╭──
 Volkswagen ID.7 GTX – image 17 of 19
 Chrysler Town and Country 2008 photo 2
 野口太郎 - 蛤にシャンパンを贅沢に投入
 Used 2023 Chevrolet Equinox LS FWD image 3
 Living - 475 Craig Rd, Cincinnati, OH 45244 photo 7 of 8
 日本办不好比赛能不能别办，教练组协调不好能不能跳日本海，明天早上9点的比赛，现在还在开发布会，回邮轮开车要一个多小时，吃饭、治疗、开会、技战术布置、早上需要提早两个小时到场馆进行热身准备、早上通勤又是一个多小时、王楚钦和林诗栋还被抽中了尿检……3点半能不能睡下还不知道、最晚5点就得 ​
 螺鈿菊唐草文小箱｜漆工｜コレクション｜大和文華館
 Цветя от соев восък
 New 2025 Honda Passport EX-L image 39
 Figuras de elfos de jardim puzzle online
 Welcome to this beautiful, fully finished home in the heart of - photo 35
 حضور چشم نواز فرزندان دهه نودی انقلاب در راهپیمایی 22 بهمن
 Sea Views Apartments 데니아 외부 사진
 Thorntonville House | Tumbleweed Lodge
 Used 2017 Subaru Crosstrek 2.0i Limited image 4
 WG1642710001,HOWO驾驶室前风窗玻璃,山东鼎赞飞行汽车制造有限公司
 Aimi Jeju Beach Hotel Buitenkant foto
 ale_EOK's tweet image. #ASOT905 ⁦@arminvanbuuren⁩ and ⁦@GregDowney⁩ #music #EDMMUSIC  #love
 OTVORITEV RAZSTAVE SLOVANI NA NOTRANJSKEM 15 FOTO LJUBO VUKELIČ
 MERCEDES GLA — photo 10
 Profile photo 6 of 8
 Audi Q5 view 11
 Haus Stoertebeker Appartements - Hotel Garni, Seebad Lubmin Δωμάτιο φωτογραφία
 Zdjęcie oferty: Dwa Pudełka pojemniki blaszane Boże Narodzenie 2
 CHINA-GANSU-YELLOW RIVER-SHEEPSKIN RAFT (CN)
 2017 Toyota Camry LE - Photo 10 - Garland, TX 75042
╰──
● Task instructions: Return all lines from the data above with "Hotel" in them.

● Solution to this problem:
 Aimi Jeju Beach Hotel Buitenkant foto
 Haus Stoertebeker Appartements - Hotel Garni, Seebad Lubmin Δωμάτιο φωτογραφία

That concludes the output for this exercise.